“Remission” is a term used to indicate that there is no longer any detectable inflammatory disease activity. The use of the term “remission” implies that the disease may not be cured, and that relapses are possible in the future. Once a state of remission has been achieved the intensity of immunosuppressive therapy is usually reduced. This means that the dose of prednisone is reduced and that the first-line remission-induction agent (such as cyclophosphamide) is replaced by better-tolerated, milder forms of immunosuppression that are used more long-term to keep the patient in remission (such as methotrexate, azathioprine, or mycophenolate mofetil).
“Remission” does not necessarily mean that the patient is feeling perfectly well. This is because symptoms may be caused by either active inflammation associated with vasculitis, or by organ damage resulting from active disease or by side effects of medications used to put the patient in remission. “Remission” also does not mean that all serological markers of a specific form of vasculitis (such as ANCA or ESR) have completely disappeared or normalized.

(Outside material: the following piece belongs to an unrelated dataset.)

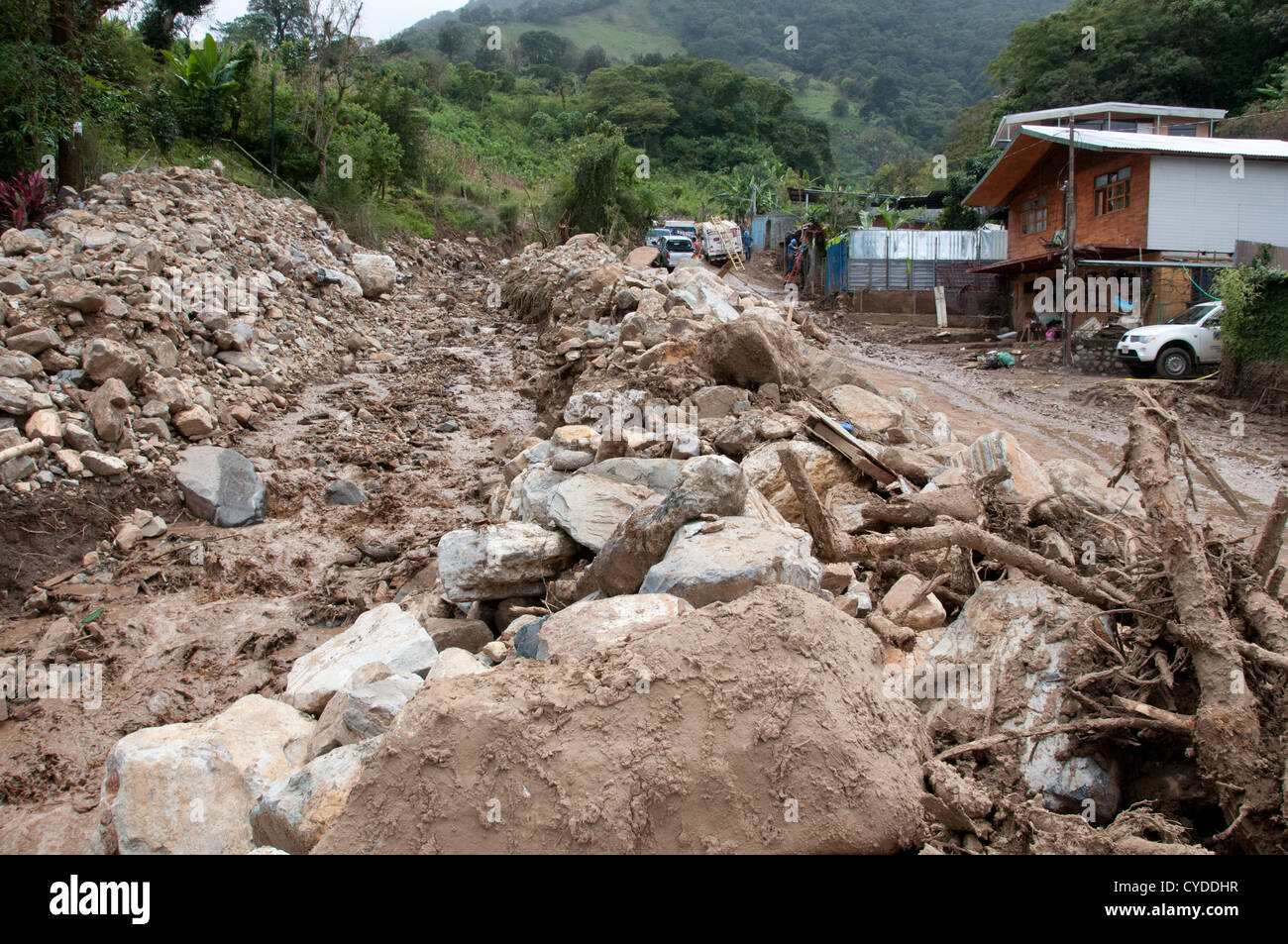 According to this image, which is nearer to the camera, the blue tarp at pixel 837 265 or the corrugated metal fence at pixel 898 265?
the corrugated metal fence at pixel 898 265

The concept of “remission” is often expanded through use of the terms “partial remission”, “complete remission”, or “sustained remission”. Partial remission means that the disease has improved but that there is still some detectable inflammatory activity in at least some of the organs afflicted by the disease before treatment was started. Complete remission means that there is no more inflammatory activity detectable in any of the affected organs. Sustained remission implies that the state of complete remission has been maintained for at least six months.
A patient can be in remission on medication or off all immunosuppressive medications. The ideal state, of course, is to have experienced a sustained complete remission lasting long enough to allow for discontinuation of all immunosuppressive therapy and maintaining that state long-term without suffering a relapse.